Un bit per atomo
Un paio di anni fa vi abbiamo parlato dei progressi di IBM nel campo dell'archiviazione atomica. Passare da un milione di atomi a soltanto dodici per memorizzare un bit rappresenta un salto gigantesco in termini di densità, ma ora un gruppo di scienziati dell'Università di Delft sembra aver raggiunto quello che potrebbe essere un limite definitivo. Con l'aiuto di un microscopio a effetto tunnel, hanno progettato una superficie di archiviazione con una densità di 500 terabit per pollice quadrato. In altre parole: un bit per atomo.

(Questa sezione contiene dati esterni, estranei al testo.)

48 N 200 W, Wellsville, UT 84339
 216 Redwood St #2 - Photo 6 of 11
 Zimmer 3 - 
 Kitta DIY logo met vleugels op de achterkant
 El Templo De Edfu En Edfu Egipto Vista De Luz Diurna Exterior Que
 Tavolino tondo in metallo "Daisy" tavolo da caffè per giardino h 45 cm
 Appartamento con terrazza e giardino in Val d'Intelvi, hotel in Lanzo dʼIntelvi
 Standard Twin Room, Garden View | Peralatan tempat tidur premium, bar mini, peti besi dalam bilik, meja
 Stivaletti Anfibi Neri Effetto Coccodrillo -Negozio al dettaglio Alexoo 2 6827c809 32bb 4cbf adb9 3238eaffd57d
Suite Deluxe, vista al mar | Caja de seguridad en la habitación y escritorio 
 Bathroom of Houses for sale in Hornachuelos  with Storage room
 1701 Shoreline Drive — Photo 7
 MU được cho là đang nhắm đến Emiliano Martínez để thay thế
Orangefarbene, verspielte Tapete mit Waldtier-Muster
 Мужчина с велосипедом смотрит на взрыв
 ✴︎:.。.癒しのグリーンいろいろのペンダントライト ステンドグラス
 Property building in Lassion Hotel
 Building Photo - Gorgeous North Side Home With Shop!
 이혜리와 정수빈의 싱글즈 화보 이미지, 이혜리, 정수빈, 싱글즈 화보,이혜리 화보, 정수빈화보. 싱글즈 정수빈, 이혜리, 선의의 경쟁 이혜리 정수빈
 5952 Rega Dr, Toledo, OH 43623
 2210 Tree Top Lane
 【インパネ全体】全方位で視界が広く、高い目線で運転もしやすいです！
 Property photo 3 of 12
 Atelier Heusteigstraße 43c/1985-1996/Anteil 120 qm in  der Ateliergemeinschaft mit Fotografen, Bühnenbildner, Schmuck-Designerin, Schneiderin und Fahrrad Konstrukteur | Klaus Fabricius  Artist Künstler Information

La domanda di spazio di archiviazione continua ad aumentare, e questo si estende a tutti gli ambiti. I servizi web si moltiplicano e costringono i grandi attori del mercato ad aumentare le dimensioni dei propri data center, mentre nel consumo generale gli utenti devono fare i conti con nuovi formati, giochi più pesanti e l'avvento del video 4K. Recentemente abbiamo visto unità a stato solido con 16 terabyte di capacità, una soluzione che, sebbene proibitiva per il portafoglio medio, dimostra che c'è tecnologia molto potente in arrivo. Se ci spostiamo in ambienti sperimentali, le novità sono molto più attraenti. IBM continua a sperimentare con atomi come bit, ma l'ultima notizia arriva dall'Istituto Kavli di Nanoscienza, sotto l'ala dell'Università di Delft, nei Paesi Bassi.
Cloro e rame: il metodo
Secondo i dati pubblicati nello studio, gli scienziati sono riusciti a sviluppare un modulo di archiviazione con ottomila bit di capacità (quasi un kilobyte nel formato 2^10), in cui ogni bit è rappresentato dalla posizione di un atomo di cloro su una superficie di rame. In termini molto semplici, la combinazione cloro-rame consente la formazione di una griglia ordinata e, con l'assistenza di un microscopio a effetto tunnel, si riesce a cambiare posizione agli atomi, in modo simile a quei rompicapo in cui si fanno scorrere i pezzi per trovare la forma corretta. Se l'atomo si trova nella posizione superiore, il sistema lo interpreta come un 1; quando passa a quella inferiore, viene letto come 0.
Il limite del laboratorio
Questa manipolazione atomica diretta conferisce al sistema una densità stimata di 502 terabit per pollice quadrato, superando la tecnologia dei dischi rigidi di tre ordini di grandezza (tra 500 e 1.000 volte più densa, a seconda del prodotto preso come confronto). Qual è il trucco? Dopotutto, c'è sempre qualcosa in questi sviluppi. Per il momento, l'archiviazione atomica non può uscire dal laboratorio: oltre al microscopio a effetto tunnel stesso, richiede una temperatura di 77 gradi Kelvin (-196 gradi Celsius) per mantenersi stabile. Eppure, parliamo di tutti i libri creati dalla specie umana in dimensioni da francobollo. Il potenziale è enorme.
(NdR: Diversi siti colleghi hanno riportato erroneamente una temperatura di -321 gradi Celsius. Ciò è impossibile, poiché va oltre lo zero assoluto. Il dato corretto è 77 gradi Kelvin, come indicato dallo studio.)